▶ _PROVIDED DATA_
*-*-*

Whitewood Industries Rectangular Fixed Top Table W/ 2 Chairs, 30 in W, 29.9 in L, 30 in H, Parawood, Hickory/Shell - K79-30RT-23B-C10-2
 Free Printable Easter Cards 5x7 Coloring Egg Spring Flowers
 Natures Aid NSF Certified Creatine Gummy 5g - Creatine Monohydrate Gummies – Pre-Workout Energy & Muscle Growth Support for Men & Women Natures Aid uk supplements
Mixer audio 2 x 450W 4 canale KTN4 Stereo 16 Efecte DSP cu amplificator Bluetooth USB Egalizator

*-*-*

▶ _WORK ITEM_
The reply should hold only the lines from the first line of the listing above through the line with "Natures Aid NSF", each copied exactly.

▶ _TASK RESULT_
Whitewood Industries Rectangular Fixed Top Table W/ 2 Chairs, 30 in W, 29.9 in L, 30 in H, Parawood, Hickory/Shell - K79-30RT-23B-C10-2
 Free Printable Easter Cards 5x7 Coloring Egg Spring Flowers
 Natures Aid NSF Certified Creatine Gummy 5g - Creatine Monohydrate Gummies – Pre-Workout Energy & Muscle Growth Support for Men & Women Natures Aid uk supplements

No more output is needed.